In The Homosexual Matrix (1975), C. A. Tripp included a section titled "The Directional Controls of Sex." Tripp stated that sexual choices made and actions taken are learned behaviors influenced by an individual experience in the context of a particular society. These learning processes are "rooted in a biological groundwork of slowly accumulating changes … over eons of mammalian evolution." Tripp followed this path from sexual activity that is "rigorously regulated by specific physiologic controls" in lower mammals where "every movement is predetermined by key responses," through primates whose "sexual patterns are neither stereotyped nor guided by specific signals; they are almost entirely dependent on individual learning," culminating in humans with an enlarged cerebral cortex. Tripp described a "progressive relaxation of specific physiologic controls over sexuality" as the cerebral cortex assumes controls of voluntary behaviors such as sexuality. "Thus, human sexuality is exceedingly variable, deriving its directionality (especially its final targeting) from what is individually learned and experienced in personal and social settings" (pp. 12—15).
John Money created a list highlighting the endlessness of teasing out the antecedents for Tripp’s directionality and targeting. Describing what is required for what he labeled a lovemap, Money contended that "the variables will be genomic status; hormonal history (prenatal and postnatal); sexual brain cell functioning; history of toxic, infectious, or traumatic exposure; infantile pairbonding; juvenile troopbonding; juvenile sexual rehearsal play; sex education; adolescent sexual history; amative history in imagery, ideation, and practice; and so on" (2003, p. 238).

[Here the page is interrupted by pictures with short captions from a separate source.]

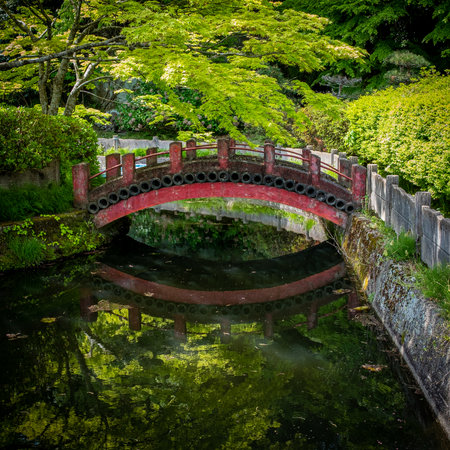 Red japanese traditional temple bridge reflecting in water. Taken at the entrance of the Zuigan-ji temple, Sendai, Japan, taken in springtime with no people.の写真素材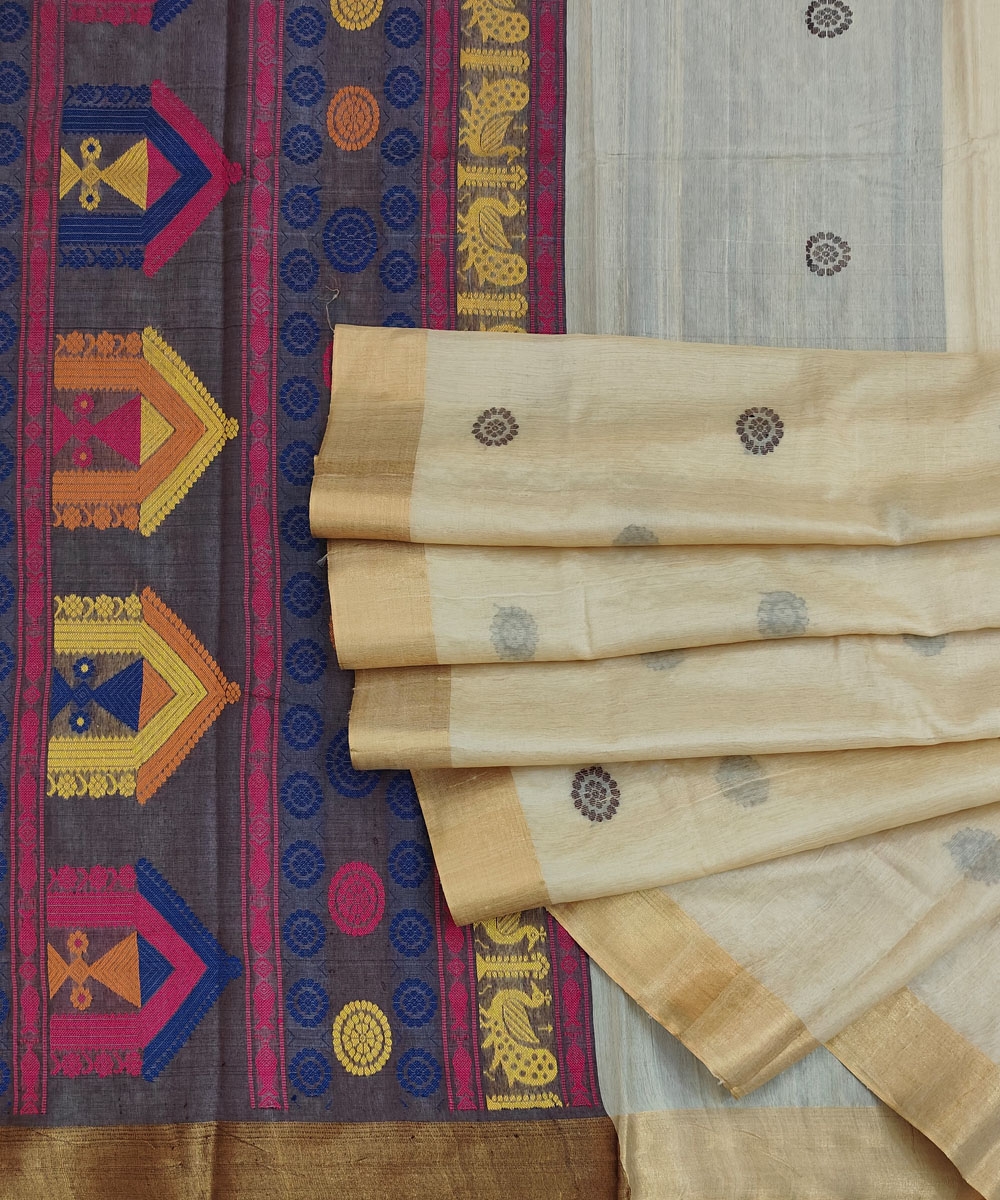 Beige Sambalpuri Handwoven Dolabedi Tussar Silk Saree Image 1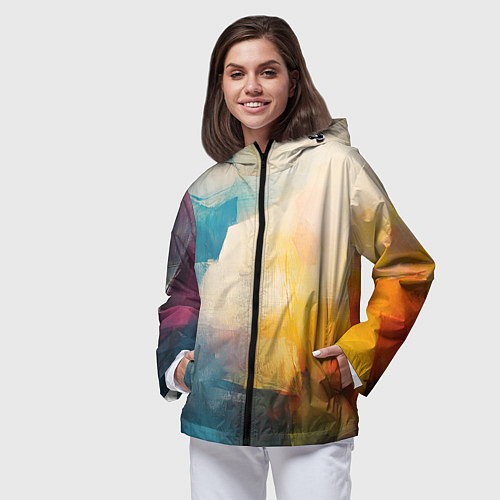 Женская ветровка Живопись мазками / 3D-Черный – фото 3
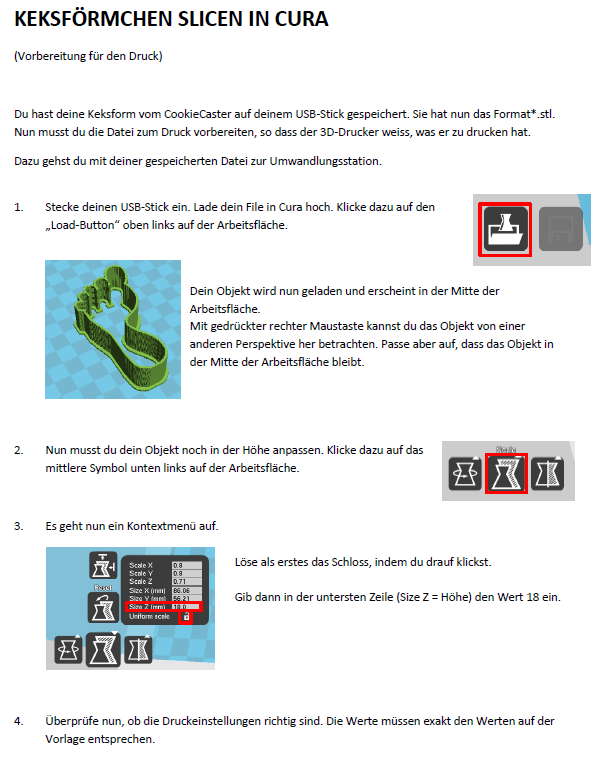 Anleitung Keksförmchen Slicen in Cura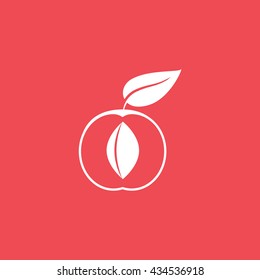Apricot Flat Icon On Red Background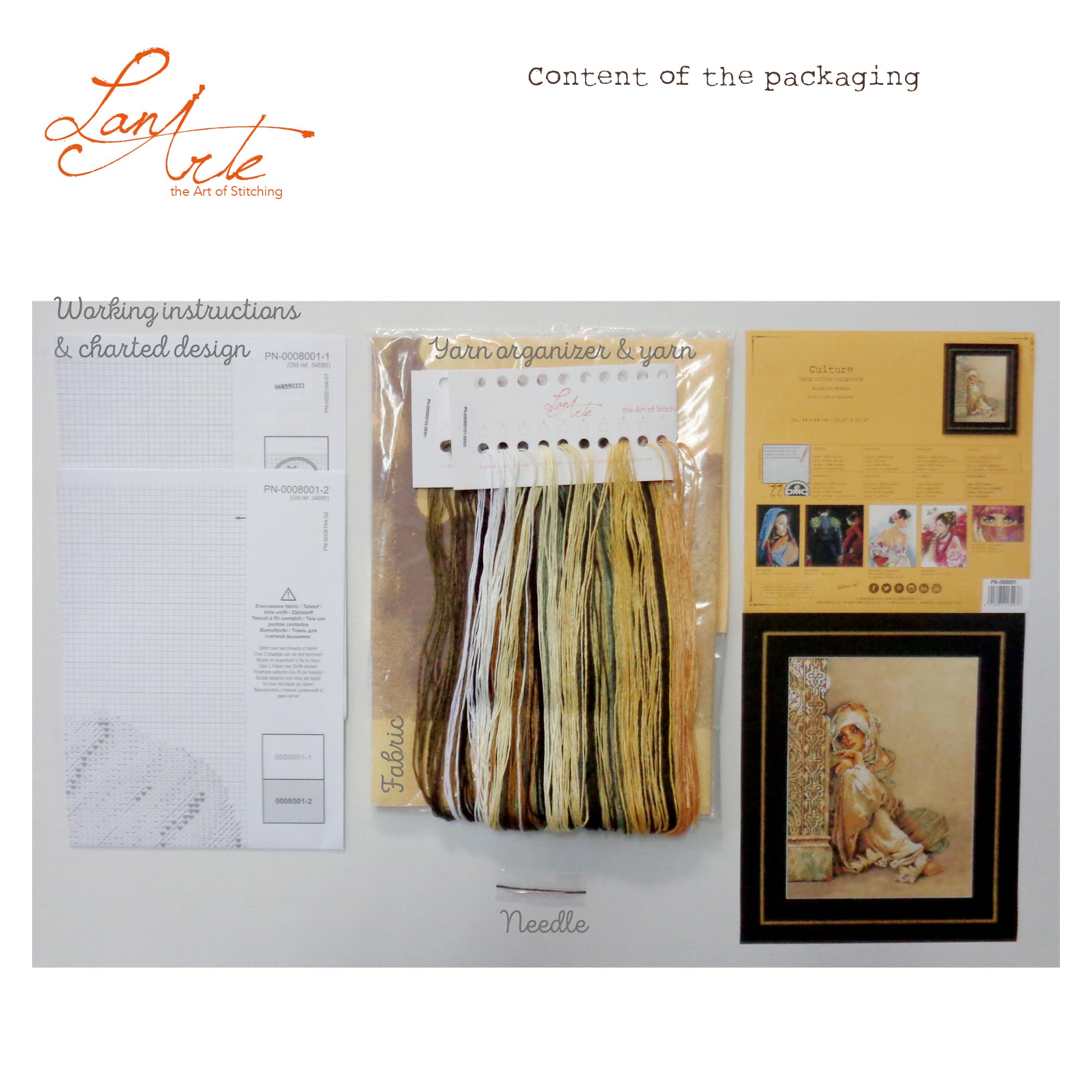 Lanarte Kreuzstich Stickpackungen Gezählter Kreuzstichbilder Set ARABISCHE FRAU Wanddekoration Handarbeit Set für Erwachsene 34 x 44 cm DIY Deko Bastelset Handwerker Kreative Geschenkset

Ultimately, in reference to what or who leads to sex-uerotic arousal and attainment of orgasm, the terms sexual preference and gender preference are oxymorons because they imply that choice is at their core. Furthermore, such terms limit the "object" that stimulates the sexuerotic arousal and its sequela to gender-based categories. Such conceptualization marginalizes the entire phenomenon of paraphilias. Any review would be negligent if it focused on the power of the attraction of gender and ignored the same power that objects such as a shoe, a goat, or a child have on some individuals. Edward Albee’s realistic staging of "The Goat, or Who is Sylvia?" (2003) explores sexual orientation in a way that science has yet to attempt. Research into sexual preference needs to be broad enough to include such phenomena if it is to lead to an understanding of related conditions such as pedophilia. Use of gender preference as a synonym for sexual orientation limits such exploration.